Problem to work on:
Print the data exactly. Omit the pictures.

Collected material:
****************************************

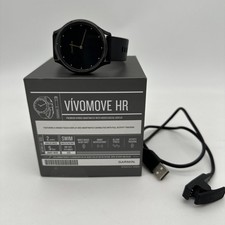 Garmin VivoMove HR Hybrid Smart Watch Used with Charger
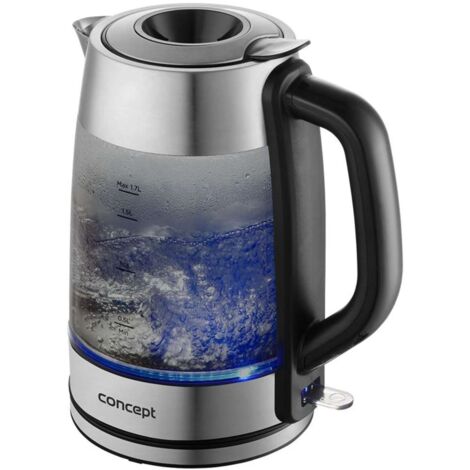 Concept - Bollitore elettrico, volume 1,7 l, 2200 W, acciaio inox rk4095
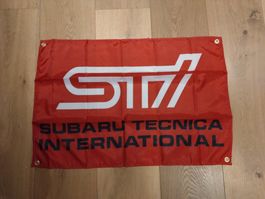 SUBARU STI Flag 90cm x 60cm rot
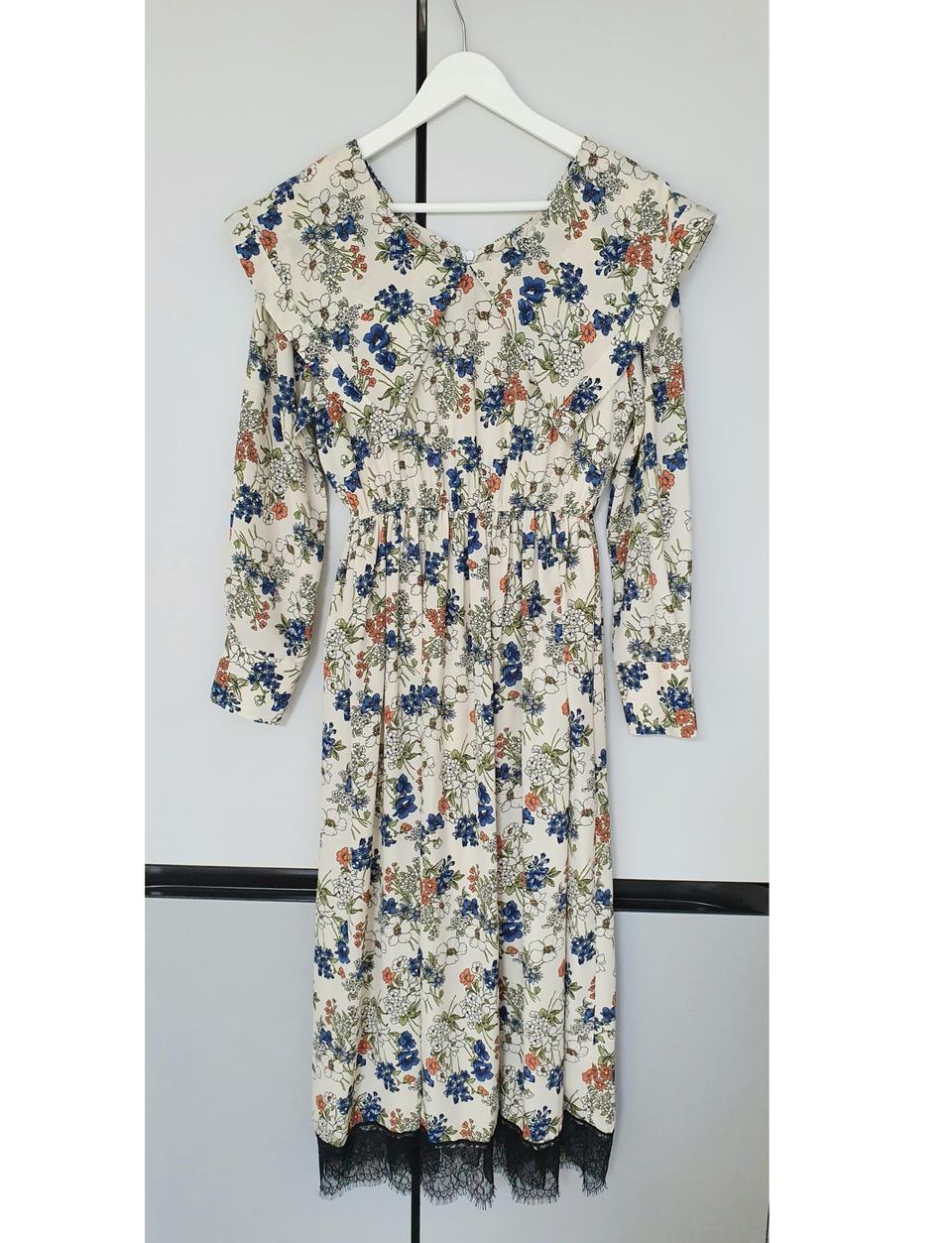 청순 플라워 롱원피스 S / 허리밴딩 날씬핏 /만원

****************************************

Solved problem:
 Garmin VivoMove HR Hybrid Smart Watch Used with Charger
 Concept - Bollitore elettrico, volume 1,7 l, 2200 W, acciaio inox rk4095
 SUBARU STI Flag 90cm x 60cm rot
 청순 플라워 롱원피스 S / 허리밴딩 날씬핏 /만원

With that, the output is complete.